I cant find anything to disagree with in your post up there. It's totally silliness to make any unqualified statement about a particular devices currently delivery ability since so many other factors contribute to it.
I agree with your assessment of feedback too. My F5 is a class A amp that utilizes "generous" amounts of negative current feedback and I've never heard anybody say that amp sounds bad for it. Feedback is something that needs to be applied with careful consideration and shouldn't be as universally disparaged as it is.
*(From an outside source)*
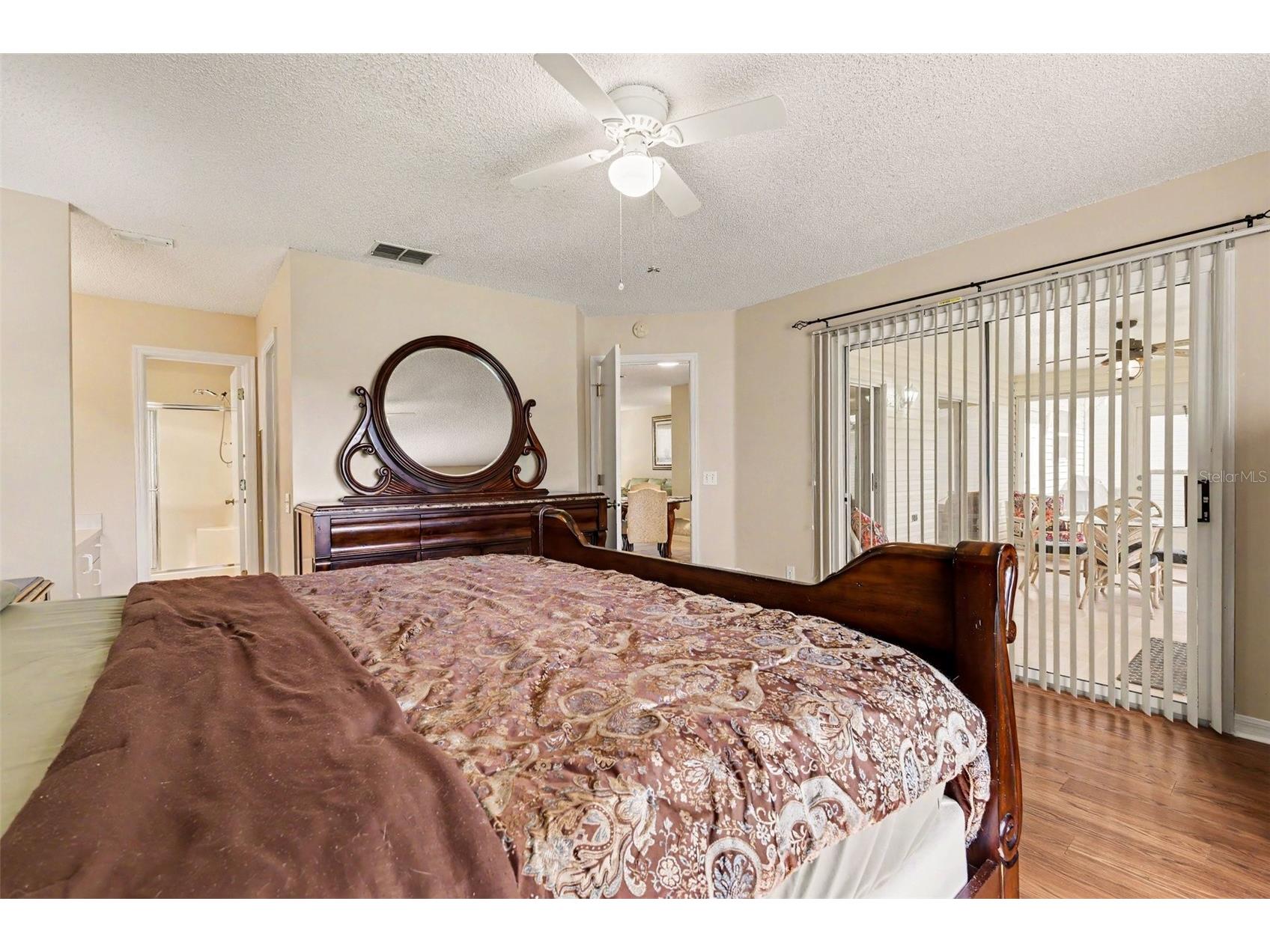 1501 Las Pacos Court The Villages FL 32162 O6427898 image17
The reason you see BJT amps with fans and thermal tracking schemes has to do with the characteristics of BJTs. They're highly prone to thermal runaway where as the device heats up, it conducts more current, which in turn raises their temperature, which causes them to conduct even more current. This characteristic does produce distortion which also requires compensation. MOSFETs, when strapped to a big enough heat sink, need no thermal tracking because their conductivity vs temperature will reach an equilibrium at some point so long as the bias is within the operating range of the device. Some MOSFETs, like laterals, have virtually no thermal drift and you can set bias on stone cold devices to find the bias only creep up slightly as the thing hits 75°C.
It all depends on what the designer is trying to achieve as for what gain devices he chooses. Pass certainly uses plenty of BJTs in his older designs, but he uses MOSFETs these days for the exact reasons you described. Simpler circuits and a more organic, tube-like sound.